Consider optional support for sparse array backing. #178

sharkinsspatial · 2022-09-20T00:08:02Z

sharkinsspatial
Sep 20, 2022

After reading through the excellent NCAR post on sparse array type interoperability with xarray I was considering how this approach might alleviate some of the size and graph complexity issues related to the dense representation used by stackstac. Much of the EO data described by STAC items is spatially and temporally sparse given the nature of orbital paths. Though it's not a panacea, sparse backing might help with some common scaling issues.

I've done an initial review of the stackstac code and while this seems feasible given the current dask array construction model, I'm a bit unsure of the cleanest way to tackle this and didn't want to invest too much time without insight and recommendations from @gjoseph92. I'm also completely new to sparse arrays so I don't have a full understanding if this sparse representation would reduce the size and complexity of graphs in the wide mosaic and large composite use cases to be of sufficient value.

I realize that stackstac is more of a side project without significant time available for heavy maintenance so I'm more than willing to jump in and help on the implementation side with a bit of guidance if this sounds like a worthwhile idea.

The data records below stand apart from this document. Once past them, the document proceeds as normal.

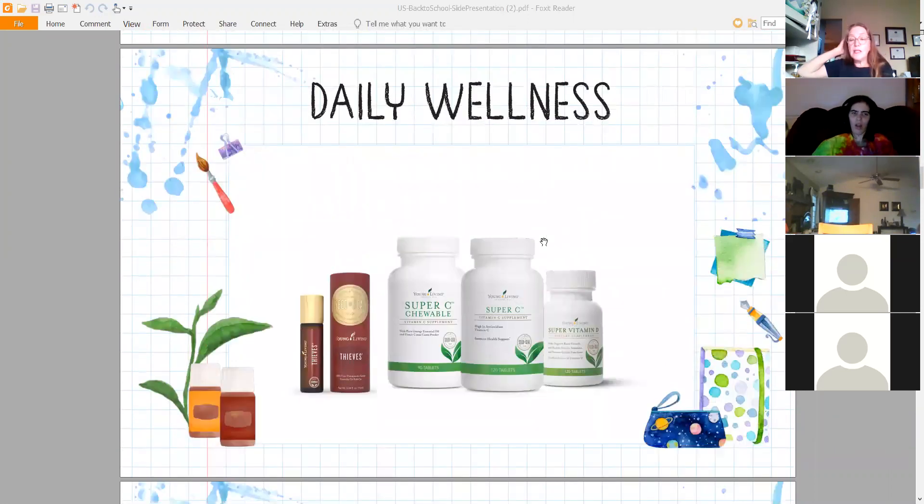For daily wellness, if you're a teacher you want to make sure you're taking your supplements and being as healthy as possible — and think the same for your children. We have the KidScents line, which we talked about last week. We also have vitamin D — our vitamin D is so tasty — chewable vitamin C and vitamin C tablets. We also have the Thieves Roll-On that you can carry in your pocketbook or keep in the classroom. Think about daily wellness and keeping your immune system healthy.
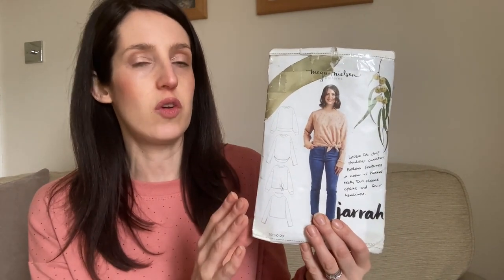I do like a dropped shoulder — I just kind of like that style. It's also got a really good size range. I've got the 0 to 20 pattern in US sizing. There's also a Megan Nielsen curve version which I think goes from a size 14 up to a 30 or 32. It's a really great pattern.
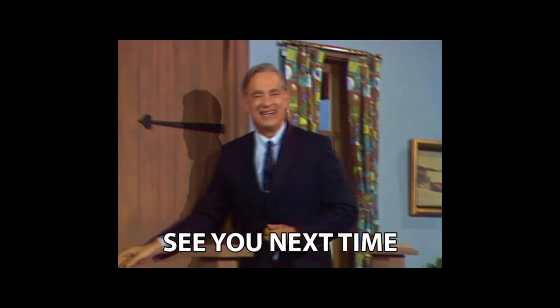All right, that's it. Keep questioning everything, and I'll see you in the next investigation, where we figure out what's actually worth your money and what's just expensive garbage with good marketing. Stay savage out there.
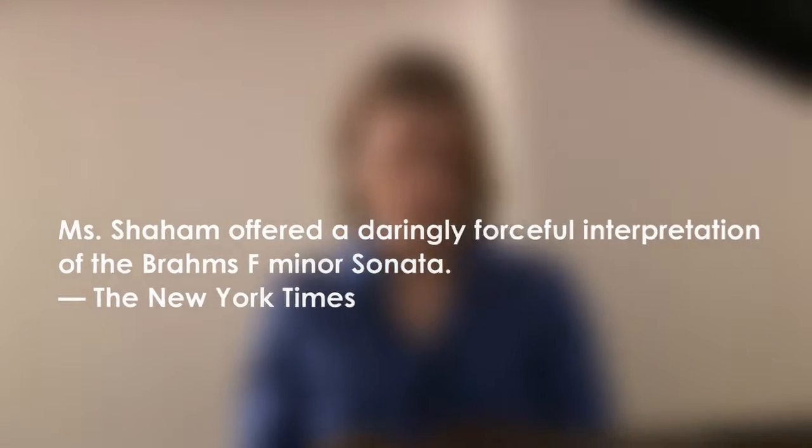I had performed the Brahms F minor Sonata a number of times and actually played it in New York at Carnegie Hall. Although you would think that that was the end of an exploration, it seemed to me just the beginning.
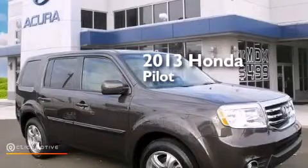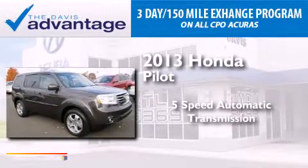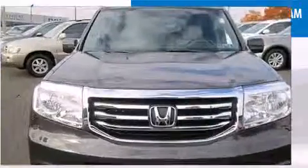This is a 2013 Honda Pilot. This crossover has a 5-speed automatic transmission, a 3.5-liter V6, and the added safety and control of 4-wheel drive.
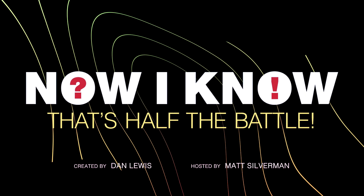I'm Matt Silverman. Welcome back to Now I Know, a show that, like Pisa's tower, impresses thousands of weekly visitors by not having fallen apart by now.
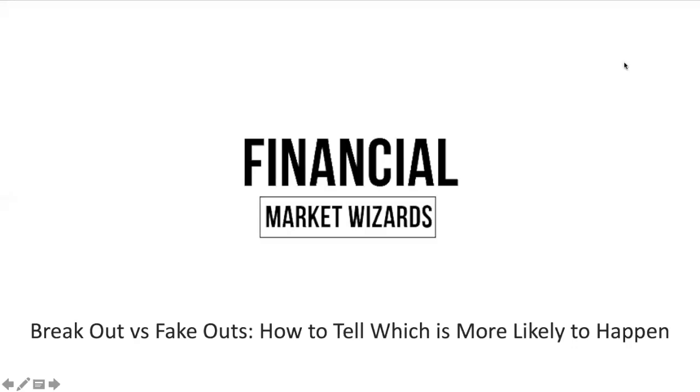When it comes to trading, there are only three things that price can do: it can break a level, it can do a fake out of the level, or the level can be respected, meaning that a level holds. In today's video, I want to talk about breakouts versus fake outs — how do you tell which is more likely to happen? I will show you some pointers and features about breakouts and fake outs.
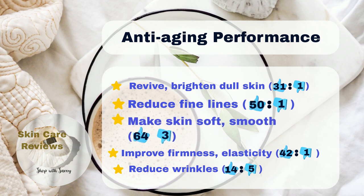Furthermore, half of the users observe the product's effectiveness in treating fine lines, and an additional 14% experience notable reduction in deeper wrinkles. A significant 42% of users notice firmer and plumper skin, while 31% report a brightening effect on their previously dull skin. The majority, comprising 64% of users, see a remarkable improvement in skin texture, resulting in softer and smoother skin.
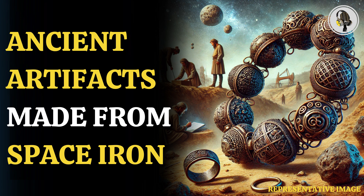Meteoric iron, also known as meteorite iron, is a type of iron that originates from meteorites — fragments of asteroids or other celestial bodies that have fallen to Earth.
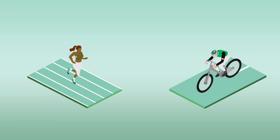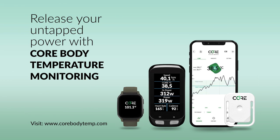So what are you sweating about? Release your untapped power with core body temperature monitoring.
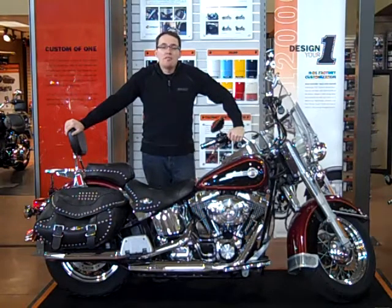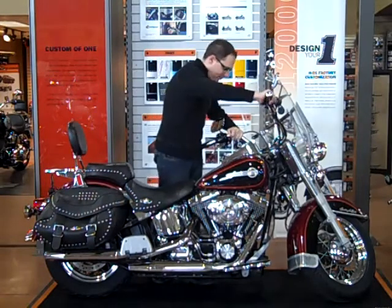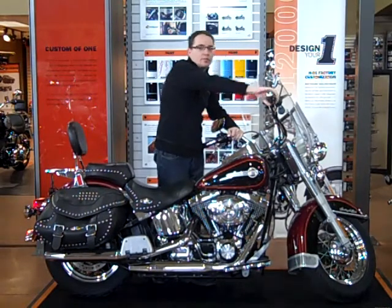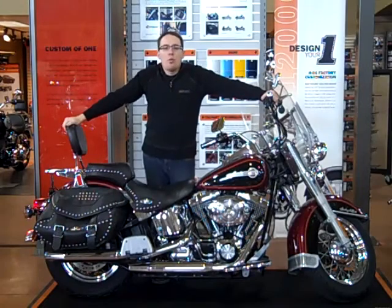This bike comes with a 30-day 50-50 warranty and it's ready to go. Give me a call at 1-800-828-2875.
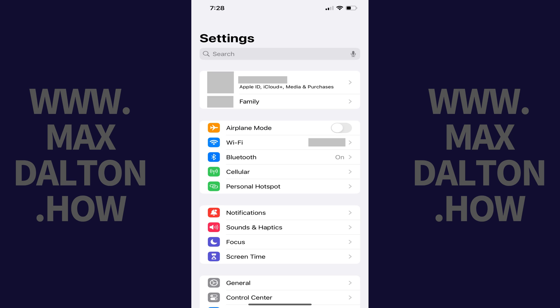Step 1. Open the Settings app on your iPhone or iPad. You'll land on the Settings menu.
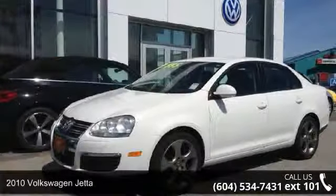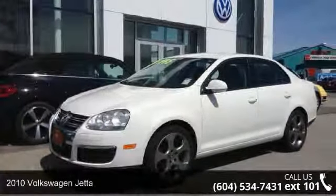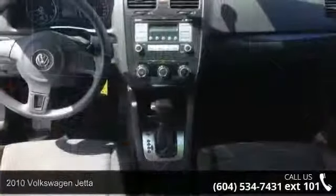Check out this 2010 Volkswagen Jetta. If you are looking for a first-rate auto, this one could be yours today.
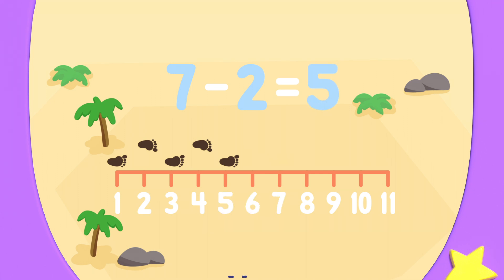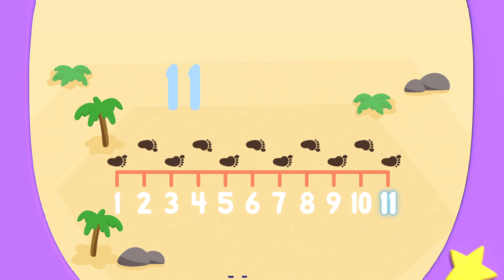Next, Redbeard needs to walk six steps forward and one step backward. Six, seven, eight, nine, ten, eleven. And one step backwards. That is ten. That means Captain Redbeard needs to take ten steps in total.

gjoseph92 · 2022-09-23T23:38:44Z

gjoseph92
Sep 23, 2022
Maintainer

If you plot your raster array on a map, it usually doesn't look like this:

I'd say it probably looks like this:

The short answer is that we don't need every chunk to be a sparse array, we need a dask Array data structure that can represent sparse chunks. Using sparse.COO as the chunk type makes more sense when every chunk is likely to be sparse. But in the geospatial case, I think it's much more common to have:

many chunks be completely empty
nearly all the rest be completely full
a small number at the borders be properly sparse

@sharkinsspatial I definitely would be interested in seeing some performance numbers with using sparse arrays, if it's something you want to try. Right now though, I'd be more interested in something like:

Avoid expanding "broadcast-trick" NumPy arrays when possible dask/dask#9517 (note that stackstac already produces these broadcast-trick arrays, so nothing would have to change here)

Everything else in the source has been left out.